Мы знали, что в городе действуют подпольщики. Знали и по листовкам на улицах, и по слухам, что на складе с горючим случился пожар, что кто-­то освободил узников из тюрьмы и т.д. На дверях могилевчан немцы развешивали приказы­-объявления, запрещающие своим солдатам и офицерам посещать частные дома. О причине этого я узнал после того, как к нам пришел наш знакомый и сказал, что, вскапывая у себя на огороде грядки, он наткнулся на убитого и присыпанного землей немца. На его вопрос «что делать?» мой отец посоветовал: «Присыпь место слоем чернозема и посей укроп! И никому ни слова». Оккупанты жесточайше карали за убийства своих. Говорили, что осенью 1943 года партизанка убила в Казимировке немца и труп оставила на дороге. За это были расстреляны 33 человека, в том числе и мой дядя.

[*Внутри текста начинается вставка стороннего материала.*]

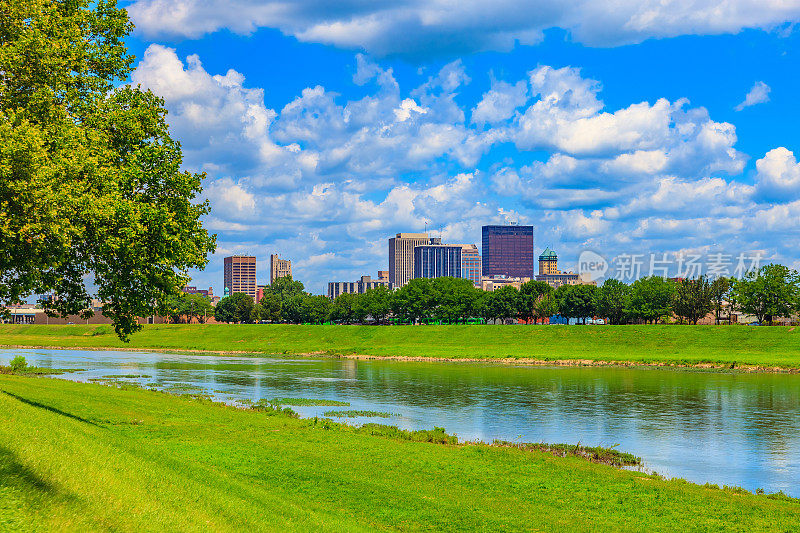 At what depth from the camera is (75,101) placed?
30250 mm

Летом 1942 года в Могилеве появились итальянские солдаты, которые удивили нас оригинальностью своих головных уборов: высокие овальные фетровые шляпы с фазаньим пером. Это были альпийские стрелки. Другие же носили головные уборы, смахивающие на наши шапки-­ушанки, только без меха, со львом на кокарде. Один такой солдат по имени Пино собирал вокруг себя мальчишек (был филателистом). Они ему разыскивали советские почтовые марки в обмен на галеты. Пино выглядел жгучим брюнетом, его южный смуглый внешний вид с напомаженной прической очень отличался от наших людей, он был приветлив, а его широкая улыбка источала доброту и расположение.

Осенью 1943 года, когда свергли Муссолини, а Италия вышла из войны, немцы тут же разоружили итальянцев в Могилеве и отправили их в качестве военнопленных в лагерь на Луполово. Такую колонну итальянцев я видел на Первомайской улице и не мог понять, почему они под конвоем немцев идут куда­то.

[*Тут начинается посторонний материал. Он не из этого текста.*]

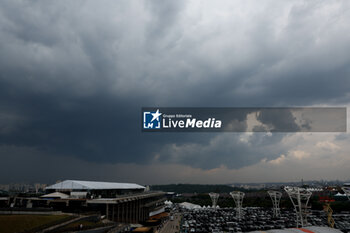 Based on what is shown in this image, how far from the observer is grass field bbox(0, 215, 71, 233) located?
3042cm

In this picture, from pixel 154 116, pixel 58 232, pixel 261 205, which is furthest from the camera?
pixel 261 205

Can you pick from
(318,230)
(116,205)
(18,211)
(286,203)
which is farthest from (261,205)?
(18,211)

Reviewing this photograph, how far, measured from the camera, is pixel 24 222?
3284cm

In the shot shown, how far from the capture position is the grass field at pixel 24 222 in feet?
99.8

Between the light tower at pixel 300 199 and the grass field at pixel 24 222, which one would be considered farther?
the light tower at pixel 300 199

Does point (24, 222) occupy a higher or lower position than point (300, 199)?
higher

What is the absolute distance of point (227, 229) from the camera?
199 ft

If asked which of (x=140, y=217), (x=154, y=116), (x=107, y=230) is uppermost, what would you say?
(x=154, y=116)

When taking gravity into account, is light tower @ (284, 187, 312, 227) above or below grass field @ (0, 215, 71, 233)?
below

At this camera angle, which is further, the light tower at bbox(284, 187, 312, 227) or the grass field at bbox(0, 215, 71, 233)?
the light tower at bbox(284, 187, 312, 227)

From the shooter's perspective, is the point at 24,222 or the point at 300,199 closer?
the point at 24,222

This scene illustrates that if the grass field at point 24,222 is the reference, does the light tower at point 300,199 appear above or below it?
below

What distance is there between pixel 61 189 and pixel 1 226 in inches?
1351

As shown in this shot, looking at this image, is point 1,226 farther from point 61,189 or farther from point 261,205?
point 261,205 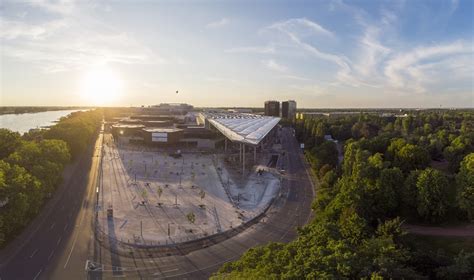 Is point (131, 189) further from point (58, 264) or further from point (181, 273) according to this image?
point (181, 273)

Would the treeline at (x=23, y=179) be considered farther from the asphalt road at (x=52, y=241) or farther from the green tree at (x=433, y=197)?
the green tree at (x=433, y=197)

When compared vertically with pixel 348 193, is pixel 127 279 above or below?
below

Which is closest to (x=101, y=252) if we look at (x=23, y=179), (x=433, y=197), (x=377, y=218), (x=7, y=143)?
(x=23, y=179)

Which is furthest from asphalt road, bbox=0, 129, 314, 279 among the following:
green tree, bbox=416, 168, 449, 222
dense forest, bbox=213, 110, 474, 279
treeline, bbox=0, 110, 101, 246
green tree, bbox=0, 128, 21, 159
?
green tree, bbox=0, 128, 21, 159

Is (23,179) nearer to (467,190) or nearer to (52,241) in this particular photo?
(52,241)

Большим кошмаром для жителей Могилева обернулась политика «выжженной земли», проводимая оккупантами. Поздней осенью 1943 года немцы стали сжигать дома и взрывать кирпичные здания, предчувствуя свой конец. Кварталы Машековки, Подниколья были сожжены командами поджигателей в форме гитлеровских солдат. Эти факельщики ходили от дома к дому, металлическими ломами выбивали стекла в домах (для лучшей тяги воздуха) и поджигали дома один за другим. С высокого берега у городской больницы было хорошо видно море огня и стелющегося дыма над всем городом. Поселок химиков фабрики искусственного волокна, а это были капитальные двух- и трехэтажные дома, немцы взорвали. Здесь они электродрелями сверлили шпуры в простенках между окнами и закладывали туда взрывчатку. Были взорваны капитальные жилые дома и служебные здания на аэродроме, церковь в Заднепровье. Деревянные дома на Луполово полыхали морем огня. Жителей этих районов города превратили в нищих беженцев с жалкими котомками в руках и слезами на глазах.

Спустя столько десятилетий не могу спокойно вспоминать об этом кошмаре. Пришел 1944 год. Припоминаю тех 17 военнопленных немцев, которых вел крепкий парень­-партизан. Он зашел к нам в дом с просьбой, чтобы моя мама дала им чего­-нибудь поесть, т.к. они отощали и не могут идти дальше. Моя мама собрала в чугунок горсть черных сухарей, побрызгала их водой и поручила мне отнести этим пленным. Они поднялись с земли и грязными худыми руками потянулись в чугунок, беря сухари по кусочку. Двум сухарей не хватило. Остальные с ними поделились. Партизан поднял их и повел дальше. Я тогда подумал, о том какой разительный контраст между самоуверенными, наглыми немцами 1941 года и этими вояками, вызывающими даже жалость.